Closed jrochkind closed 1 year ago
Draft public doc intro for API availability. Not sure where it will go. Re-written from FAQ "Can I freely download or extract your metadata?". Being edited here for now.
We strive to make our open data freely available, but the options we provide for machine-readable metadata access currently consist of somewhat limited and disparate services. If you have a project that could benefit from more convenient or standardized machine-accessible APIs for metadata access, please get in touch to share your use case.
We have an OAI-PMH feed which can give access to our metadata in an XML format. The fields are based on the OAI-DC schema, with extensions suggested by the DPLA metadata application profile, as this feed's main use case is DPLA use.
This metadata includes standardized basic descriptive attributes, but does not include all internal, administrative, and relational metadata.

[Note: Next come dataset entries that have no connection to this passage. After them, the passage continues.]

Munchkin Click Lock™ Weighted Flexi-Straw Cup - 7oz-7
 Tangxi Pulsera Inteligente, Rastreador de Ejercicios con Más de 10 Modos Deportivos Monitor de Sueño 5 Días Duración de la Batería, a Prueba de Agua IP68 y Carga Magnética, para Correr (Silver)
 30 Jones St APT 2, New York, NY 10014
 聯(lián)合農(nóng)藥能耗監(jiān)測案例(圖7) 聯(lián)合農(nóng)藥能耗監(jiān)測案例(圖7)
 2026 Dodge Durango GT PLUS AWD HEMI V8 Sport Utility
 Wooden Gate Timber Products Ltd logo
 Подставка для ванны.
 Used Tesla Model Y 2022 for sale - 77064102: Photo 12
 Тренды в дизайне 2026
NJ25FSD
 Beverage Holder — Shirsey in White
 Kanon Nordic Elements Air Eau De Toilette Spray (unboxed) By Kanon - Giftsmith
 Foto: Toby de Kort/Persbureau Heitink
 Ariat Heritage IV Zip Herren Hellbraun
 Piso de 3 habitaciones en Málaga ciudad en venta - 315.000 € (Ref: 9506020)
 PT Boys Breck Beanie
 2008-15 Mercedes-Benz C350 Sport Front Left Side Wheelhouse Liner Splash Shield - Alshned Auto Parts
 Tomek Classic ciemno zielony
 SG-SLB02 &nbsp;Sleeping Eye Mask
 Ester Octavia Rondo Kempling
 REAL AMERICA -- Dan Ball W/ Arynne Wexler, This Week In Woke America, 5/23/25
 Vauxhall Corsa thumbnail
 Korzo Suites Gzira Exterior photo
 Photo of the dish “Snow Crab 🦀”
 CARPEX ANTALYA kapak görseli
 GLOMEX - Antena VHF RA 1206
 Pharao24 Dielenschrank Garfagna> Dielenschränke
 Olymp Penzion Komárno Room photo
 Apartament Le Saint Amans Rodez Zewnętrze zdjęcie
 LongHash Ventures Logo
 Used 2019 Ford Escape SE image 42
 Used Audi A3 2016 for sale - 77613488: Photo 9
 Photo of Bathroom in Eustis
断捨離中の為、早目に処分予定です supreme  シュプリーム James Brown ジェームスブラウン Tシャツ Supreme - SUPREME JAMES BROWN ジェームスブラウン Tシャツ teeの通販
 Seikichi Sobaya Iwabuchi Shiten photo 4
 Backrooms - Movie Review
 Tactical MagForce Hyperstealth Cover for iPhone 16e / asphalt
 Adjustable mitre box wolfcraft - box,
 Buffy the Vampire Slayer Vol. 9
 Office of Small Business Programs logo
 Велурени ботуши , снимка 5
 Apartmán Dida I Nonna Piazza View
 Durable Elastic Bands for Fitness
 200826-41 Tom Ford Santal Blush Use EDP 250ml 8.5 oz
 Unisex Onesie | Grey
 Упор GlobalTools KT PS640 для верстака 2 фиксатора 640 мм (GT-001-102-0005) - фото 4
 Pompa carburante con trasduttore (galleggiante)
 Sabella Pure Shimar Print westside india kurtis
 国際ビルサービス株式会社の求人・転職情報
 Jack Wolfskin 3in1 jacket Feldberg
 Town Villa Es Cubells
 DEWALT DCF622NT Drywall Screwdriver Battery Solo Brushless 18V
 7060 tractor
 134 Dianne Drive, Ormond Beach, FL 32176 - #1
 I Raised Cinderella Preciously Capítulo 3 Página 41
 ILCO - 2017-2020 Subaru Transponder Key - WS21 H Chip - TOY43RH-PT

You can bulk harvest via an OAI-PMH 2.0 endpoint at https://digital.sciencehistory.org/oai
You can also get an oai-dc XML representation for any record by adding .xml
to the end of a record's URL. For instance, https://digital.sciencehistory.org/works/vt150j62m.xml.
Any search result is available in the Atom Syndication Format. Just add .atom
to the path of any search results, for instance:
https://digital.sciencehistory.org/catalog.atom?q=chemistry
instead of:
https://digital.sciencehistory.org/catalog?q=chemistry
You can also access atom search results within any collection. This includes listing all items in a collection. For instance, for the Oral History Collection: https://digital.sciencehistory.org/collections/gt54kn818.atom
Or with a query:
https://digital.sciencehistory.org/collections/gt54kn818.atom?q=biomedicine
For every "work", you can access metadata in an XML/OAI-DC format, or a local internal JSON format.
The OAI-DC format is a standardized vocabulary (based on DPLA metadata application profile), and should hopefully be fairly stable. However, it includes only a subset of our metadata. E.g.: https://digital.sciencehistory.org/works/46k32ki.xml
The JSON format is a closer representation of our internal metadata, and includes a larger subset of all metadata. However, while we will endeavor to keep it stable, it is more likely to change as a result of internal software changes. E.g.: https://digital.sciencehistory.org/works/46k32ki.json
At present we do not have an API response that will give access to individual files (for instance page images or audio files).
@eddierubeiz when you have a chance, could you give my API docs draft above a look and feedback?
A couple notes:
Atom Feeds
: "Just substitute catalog.atom
for catalog
in any search result URL: for instance, https://digital.sciencehistory.org/catalog.atom?q=chemistry
instead of https://digital.sciencehistory.org/catalog?q=chemistry
.
As a specific use-case for existing #201, we now want to focus on the Max Planck oral history project, create an API that they can use to get our oral history metadata.
Treat them as a use case/user in making requirements and spec'ing out what we have (although it would ideally be available for all items not just OH, for #201).